Friday, March 18, 2022

"Frisco Jenny" Review

 

by Daniel White



Happy Belated Birthday to Miss Ruth Chatterton (December 24, 1892 - November 24, 1961). Largely forgotten today, Ruth Chatterton was one of Hollywood's biggest female stars during it's Pre-Code era (in a 1930 poll she placed second, behind Norma Shearer). Probably best known for her role in Dodsworth (1936), she retired from filmmaking two years later, though she certainly didn't retire from life.
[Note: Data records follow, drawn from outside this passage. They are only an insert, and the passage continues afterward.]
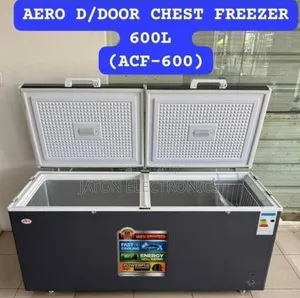 Aero Chest Freezer Double Door 600l (Acf-600)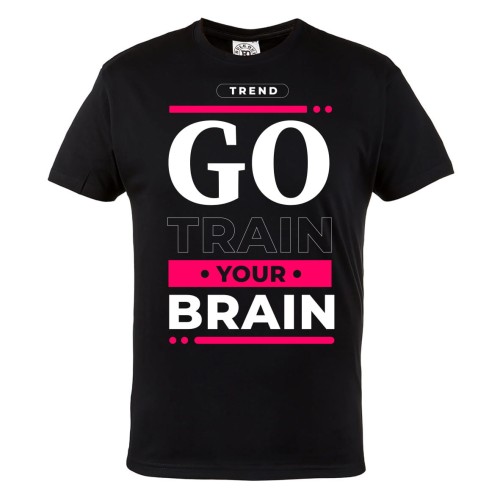 KOSZULKA MĘSKA MOTYWACJA GO TRAIN YOUR BRAIN URBAN STYLE BE POSITIVE 1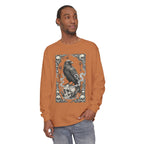 Raven Skull Card Long Sleeve T-Shirt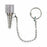 Precision Medical NIPPLE, F/HEX NUT TUBING FUNNEL RUSBL OXY W/CHAIN - 0159C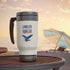 Land Of The Free Home Of The Brave Stainless Steel Travel Mug with Handle, 14oz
Aviator, author, Chatterton also raised French poodles, and continued to act on the stage and television (her last role was as Gertrude to Maurice Evans' Hamlet on television in 1953).

In First National Pictures, Frisco Jenny (1932), directed by William Wellman, she plays the title character, Jenny Sandoval. Sounding a bit like Jimmy Cagney ("This is Jenny see, Jenny Sandoval" "I've been brought up with coppers!"), Jenny is a tough broad, a madam who manages a call girl service in San Francisco's Tenderloin district.

The film begins in 1906 (you know what THAT means), where a blonde Jenny with a ponytail works in her father's bar, keeping the books, keeping the peace, and keeping a watchful eye over the girls who ply their trade there. In love with the bar's piano player, Dan (Donald Cook), who her father disapproves of ("I'd rather see her married to a Hottentot!"), both are conveniently disposed of in the famous earthquake. Realistically rendered and every bit as effective (if on a smaller scale) than MGM'S more famous one in 1936, the special effects are top-notch.

I liked this movie and am surprised it isn't more well known. It's a Pre-Code gem that is fairly implicit in its treatment of pre-marital sex, prostitution, and unwed pregnancy. There is one scene with Jenny and the other madams of the city that is jaw-dropping. Sitting in Jenny's home, drinking coffee, discussing business, they are successful women paying deference to Jenny, their leader. There's even a Queer reference when one of the madams tells the others that two of her girls are living in Shanghai, and "they're inseparable."!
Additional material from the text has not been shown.